The syntax of these files is fairly self explanatory. Each line specifies how a particular element type is to be displayed: if no line is supplied for any element, no special action is taken for it. A line begins with the name of an element (optionally followed by an attribute name) or entity. This is followed by a quoted string, which gives the replacement value for the named entity or for the element's start-tag. A second quoted string can also be supplied to provide a replacement for an element's end-tag. Within replacement strings, the string %s is used to represent the value of the attribute whose name was specified. Formats intended for use in page-mode displays can also use the string \n to indicate a new line and \t to indicate a tab indent.
For example, the default page format file contains the following lines:
div1 "\n" pause "..." event desc "[%s]" u who "\n%s>: "
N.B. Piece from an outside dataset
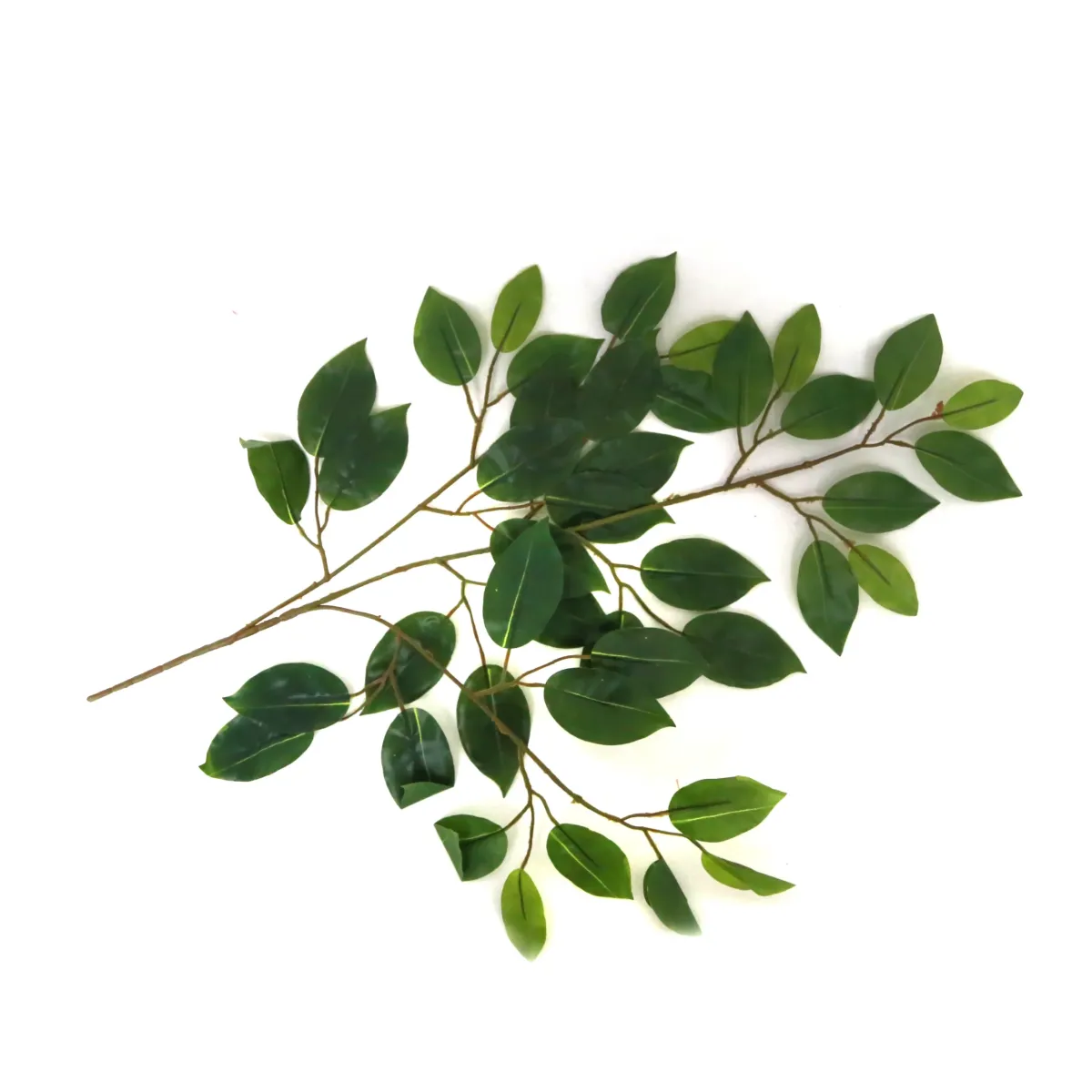 Green Lemon Leaves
The first line indicates that the display should start a new line at the start of each new <div1> element. The second line indicates that any <pause> element should be displayed as three dots. The third line indicates that any <event> element should be displayed as whatever value has been supplied for its desc attribute, enclosed in square brackets. Finally, the last line indicates that the content of every <u> element should be prefixed by the start of a new line, the value of its who attribute, and the string >:(i.e. angle bracket, colon, space).
Care should be taken in preparing custom format files, as no syntax checking is currently performed.
In addition to the display of results, the query window can contain two other components, each in a separate pane.
Both query text and annotation are saved together with the query, along with any valid bookmarks you defined for it.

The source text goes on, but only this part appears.